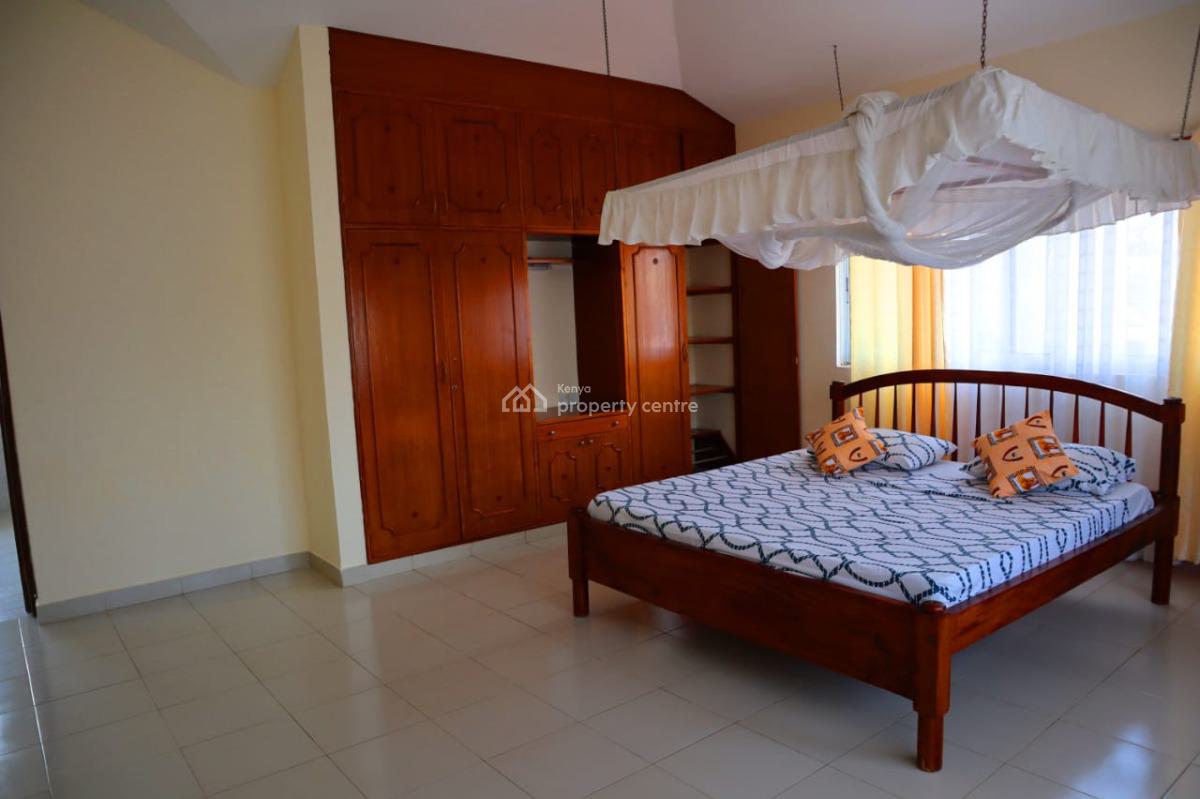 Fully Furnished 4-bedroom All Ensuite Villa in Gated Community, Turtle Bay Road, Watamu, Kilifi, House for Sale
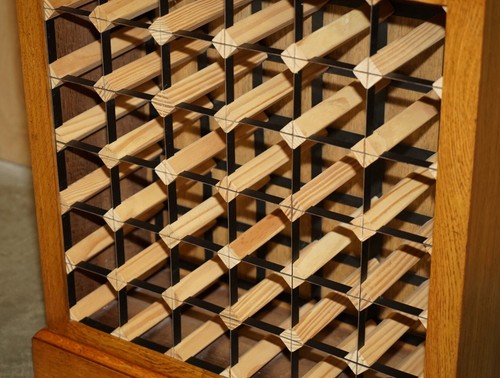 LOVELY RECLAIMED POLLARD OAK 36 BOTTLE WINE CHAMPAGNE RACK SIDEBOARD WITH DRAWER - Picture 5 of 19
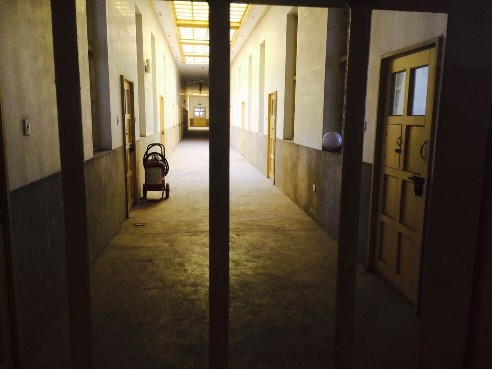 1950��-1964�����н�ǧ�����A��܊��(zh��n)���ړ�협�(zh��n)���������P(gu��n)Ѻ���̣��D�������һ������ꑼӽ� �z��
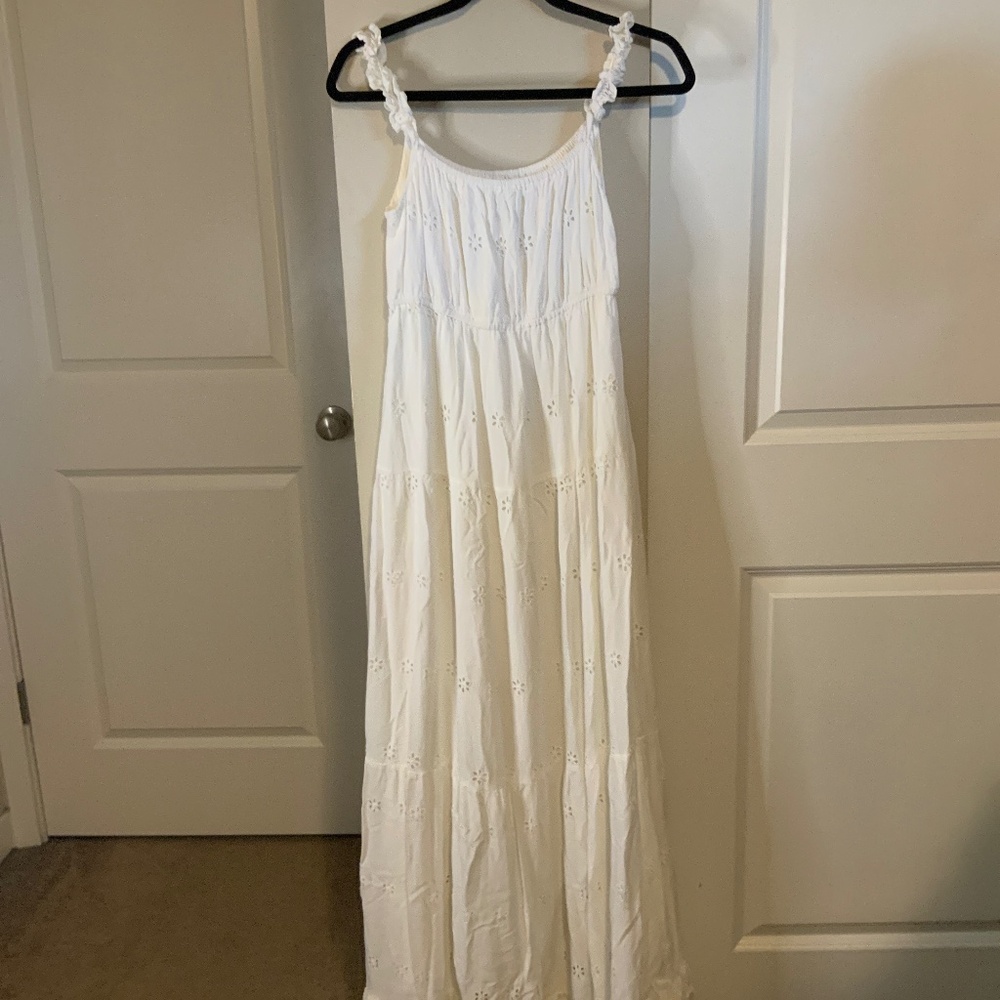 Jessica Simpson Eyelet Maxi Dress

• **What is needed**: When you repeat the data, keep every line exact and drop the images.

• **Answer to the problem**:
 Fully Furnished 4-bedroom All Ensuite Villa in Gated Community, Turtle Bay Road, Watamu, Kilifi, House for Sale
 LOVELY RECLAIMED POLLARD OAK 36 BOTTLE WINE CHAMPAGNE RACK SIDEBOARD WITH DRAWER - Picture 5 of 19
 1950��-1964�����н�ǧ�����A��܊��(zh��n)���ړ�협�(zh��n)���������P(gu��n)Ѻ���̣��D�������һ������ꑼӽ� �z��
 Jessica Simpson Eyelet Maxi Dress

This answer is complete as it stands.